Totalmente vestida de negro, também com um colete e uma coroa de penas de corvo, fez-se acompanhar de uma banda que incluem colaboradores habituais como John Parish e Mick Harvey dos Bad Seeds. Entram em palco com os compassos fúnebres de tambor que marcam os primeiros acordes de “Chain of Keys” e cedo nos apercebemos que este não se trata de mais um espectáculo.

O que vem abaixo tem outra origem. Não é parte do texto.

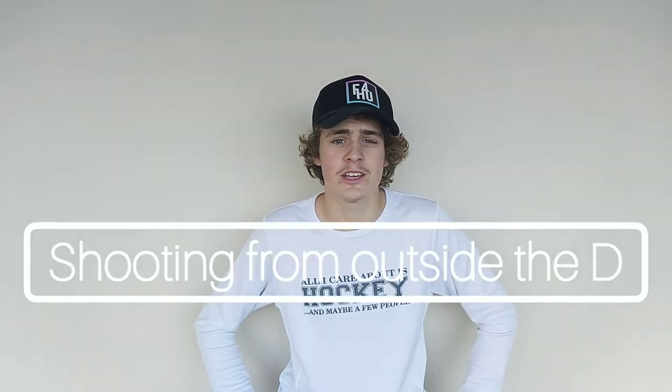Welcome back to the channel. Today we're bringing you something slightly different — our very first challenge. On today's challenge video we're going to be doing shooting from outside the D, and our guest today is cameraman Chris.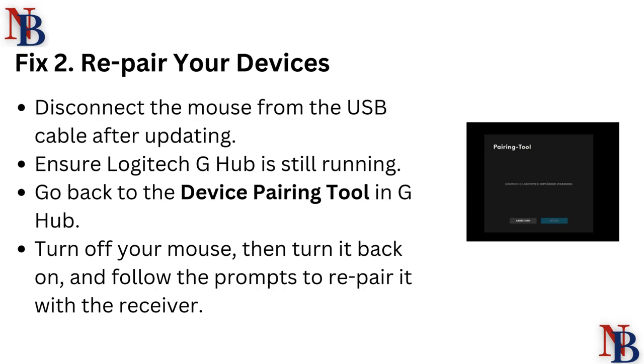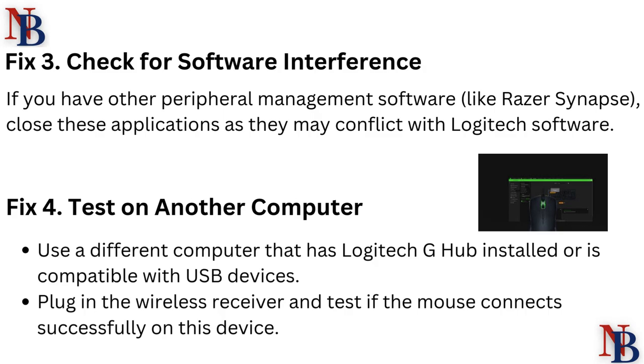Fix 2: Re-pair devices. Disconnect the mouse from the USB cable after updating and ensure Logitech G Hub is still running. Go back to the device pairing tool in G Hub, turn off your mouse then turn it back on, and follow the prompts to re-pair it with the receiver.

A encenação da música de intervenção que agora a caracteriza é poderosa e acutilante, e traz à baila um conjunto de questões tão fulcrais como a situação hedionda dos refugiados e da xenofobia que tem levantado, da economia ocidental a matar aqueles que a ajudaram a construir, entre muitos outros assuntos da actualidade. Existe neste grupo de pessoas que se encontram em digressão mundial uma semelhança não acidental com os grupos de trovadores que passeavam pelas várias povoações na época da Idade Média a denunciar os crimes contra o povo de forma extremamente inteligente e subversiva em formato lírico.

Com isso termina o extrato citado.